The lighthouse beam flies over land and sea with incredible velocity, and you think the light itself must be in swiftest movement; but when you climb up thither you find the lamp absolutely stationary. It is only the reflection that is moving. The rider on horseback may gallop to and fro wherever he will, but it is hard to say that HE is acting. The horse guided by the slightest indication of the man’s will performs an the action that is needed. If we can get into right touch with the immense, the incalculable powers of Nature, is there anything which we may not be able to do? If a man worship the Self only as his true state,” says the Brihad-aranyaka Upanishad, “his work cannot fail, for whatever he desires, that he obtains from the Self.” What a wonderful saying, and how infallibly true! For obviously if you succeed in identifying your true being with the great Self of the universe, then whatever you desire the great Self will also desire, and therefore every power of Nature will be at your service and will conspire to fulfil your need.

There are marvelous things here “well wrapped up”—difficult to describe, yet not impossible to experience. And they all depend upon that power of stilling Thought, that ability to pass unharmed and undismayed through the grinning legions of the lower mind into the very heart of Paradise.

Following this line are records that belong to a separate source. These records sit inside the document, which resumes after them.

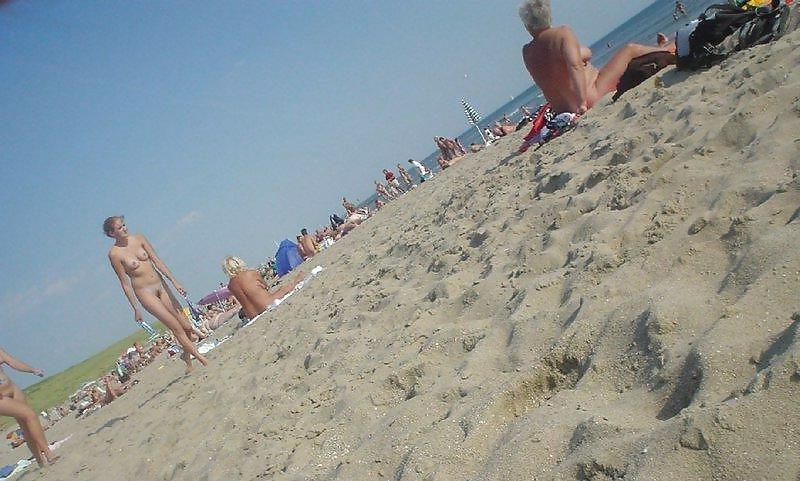 25P I love public nudity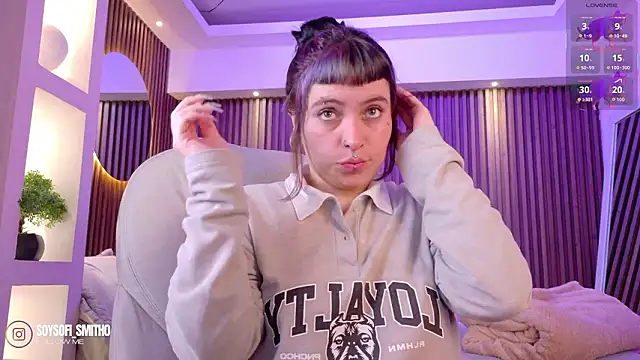 Lucy Smith2 online show from March 2026 03:58:02 AM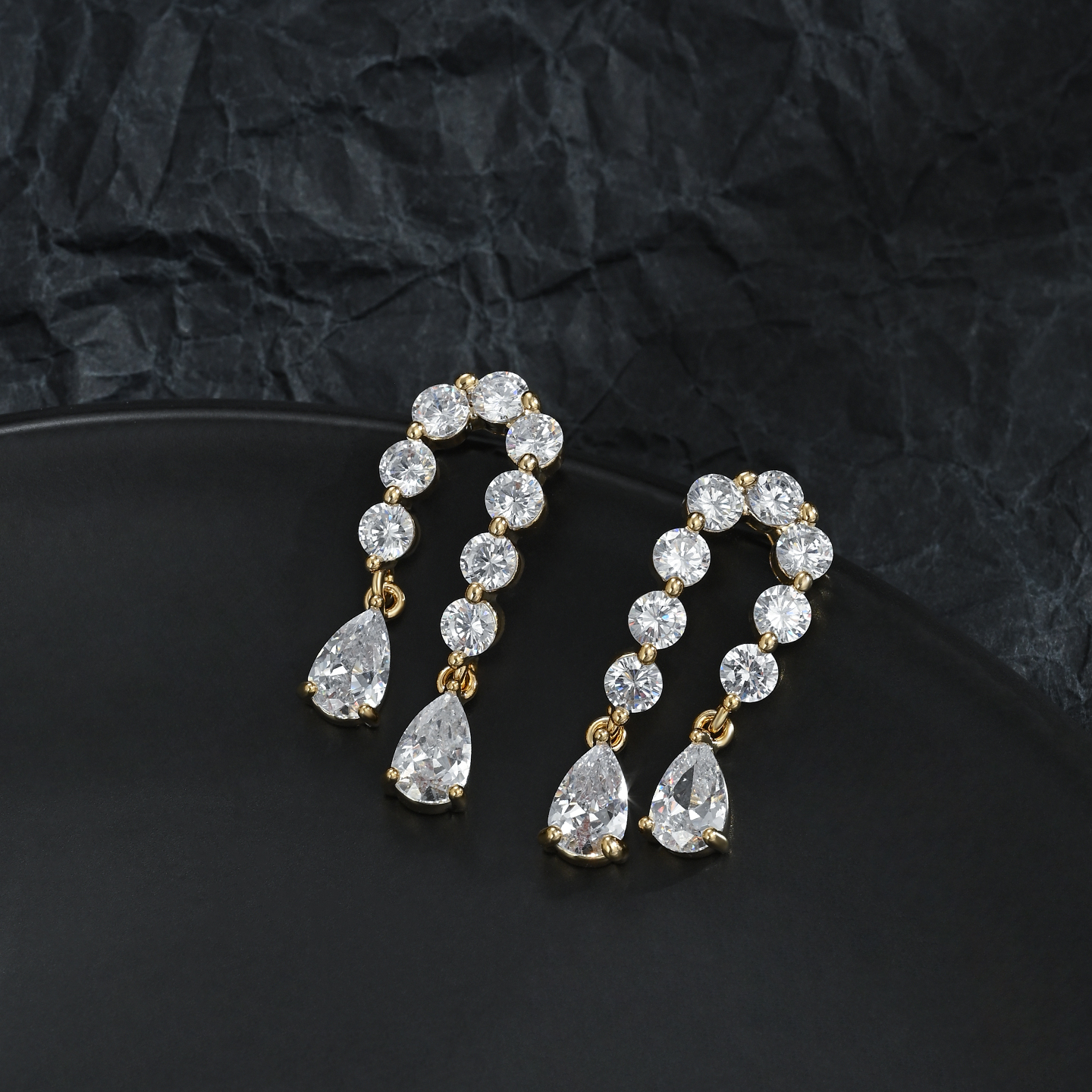 Exquisite, fashionable and light luxury fringed ear studs for women, with a unique design sense and versatile earrings details Picture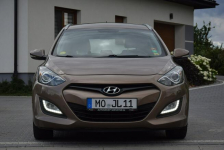 Hyundai i30 1.6D Klima Led Brązowy PDC Sprowadzony Opłacony Majdan Sieniawski - zdjęcie 3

The question inevitably arises, How can this power be obtained? And there is only one answer—the same answer which has to be given for the attainment of ANY power or faculty. There is no royal road. The only way is (however imperfectly) to DO the thing in question, to practice it. If you would learn to play cricket, the only way is to play cricket; if you would be able to speak a language, the only way is to speak it. If you would learn to swim, the only way is to practice swimming. Or would you wish to be like the man who when his companions were bathing and bidding him come and join them, said: “Yes, I am longing to join you, but I am not going to be such a fool as to go into the water TILL I KNOW HOW TO SWIM!”

There is nothing but practice. If you want to obtain that priceless power of commanding Thought—of using it or dismissing it (for the two things go together) at will—there is no way but practice. And the practice consists in two exercises: (a) that of concentration—in holding the thought steadily for a time on one subject, or point of a subject; and (b) that of effacement—in effacing any given thought from the mind, and determining NOT to entertain it for such and such a time. Both these exercises are difficult. Failure in practicing them is certain—and may even extend over years. But the power equally certainly grows WITH practice. And ultimately there may come a time when the learner is not only able to efface from his mind any given thought (however importunate), but may even succeed in effacing, during short periods, ALL thought of any kind. When this stage is reached, the veil of illusion which surrounds all mortal things is pierced, and the entrance to the Paradise of Rest (and of universal power and knowledge) is found.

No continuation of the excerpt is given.